My July 2022 In Books

July has been slower on the book front. Having covid really knocked me back in terms of work and focus…bring on August!

If you missed last month’s list…click here!

The Books

Independent Authors

Green Is Good: Save Money, Make Money, and Help Your Community Profit from Clean Energy

Brian F. Keane

Green Is Good: Save Money, Make Money, and Help Your Community Profit from Clean Energy

Genre: Non Fiction
Length:  256 pages
First Published: 2019


Renewable energy is good for your wallet. Green Is Good is a no-nonsense guide to how you can easily incorporate clean energy and energy efficiency into your daily life all the while saving money, making money, and helping wean your community off fossil fuels. A renewable energy future isn’t just good for the environment; it’s good for the economy, and Green Is Good will show you how—before it’s too late.


See the full review here!


Note : 4.5 sur 5.

The Others


Colleen Hoover

janice hallett's book the twyford code with a lack koi carp

Genre: Creepy Romance
Length: 336 pages
First Published: 2021


Colleen Hoover has another creepy romance… “Lowen Ashleigh is a struggling writer on the brink of financial ruin when she accepts the job offer of a lifetime. Jeremy Crawford, husband of bestselling author Verity Crawford, has hired Lowen to complete the remaining books in a successful series his injured wife is unable to finish.”

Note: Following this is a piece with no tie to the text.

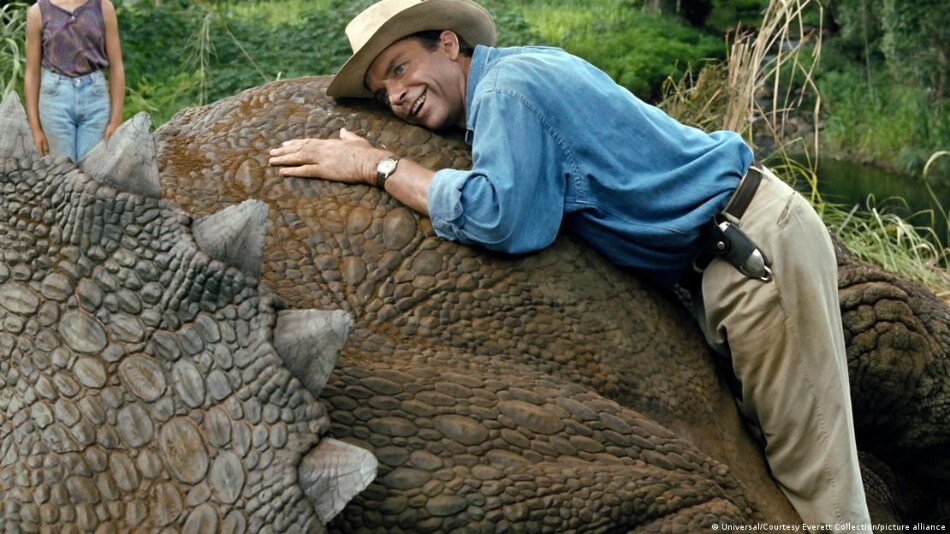 Paleontologist Alan Grant gets up close and personal with an injured triceratops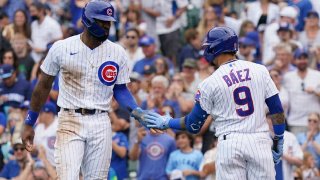 CHICAGO, ILLINOIS – JUNE 20: Jason Heyward #22 of the Chicago Cubs is congratulated by Javier Baez #9 after scoring during the third inning of a game against the Miami Marlins at Wrigley Field on June 20, 2021 in Chicago, Illinois. (Photo by Nuccio DiNuzzo/Getty Images)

I am not 100% sure how I feel about this book. To quote others, crying, screaming, smiling… this is a book I can describe as “much”

As always I am obsessed with the writing style which is why I could not put it down. I knew what was coming and enjoyed it but still… spoiler time.

The concept of Verity, the esteemed author, being in a coma and needing a literal ghost writer is a great concept. Of course, the husband Jeremy is everything our ghostwriter Lowen is attracted to in a man so 1+1=2 etc. However, however; he is bland, there’s no “oo interesting” quirk he has. And I don’t quite understand the romance between the two. Still enjoyed the book so recommend it to people who are also in a CoHo chokehold.


Note : 4 sur 5.

The Cartographers

Peng Shepherd

The Love Hypothesis by Ali Hazelwood

Genre:  Fantasy, Mystery
Length: 392 pages
First Published: 2022


Cartography has been Nell’s lifelong passion. Her father, the esteemed Dr Young was her role model and personal hero, until a cheap irrelevant gas station map causes their worlds to separate and ruin her reputation in the academic world of maps. Years have passed, they haven’t spoken, and Dr Young is murdered under mysterious circumstances…The map returns and the mystery of Nell’s past and future is unravelled in a fantastical novel.


Lately, I have been struggling with finding the raison d’etre for reading. Some call it a slump. This book has been glaring at me from across the room for a few weeks now, and I finally gave in. I am very happy that I did give in as my reading spirit has been rekindled.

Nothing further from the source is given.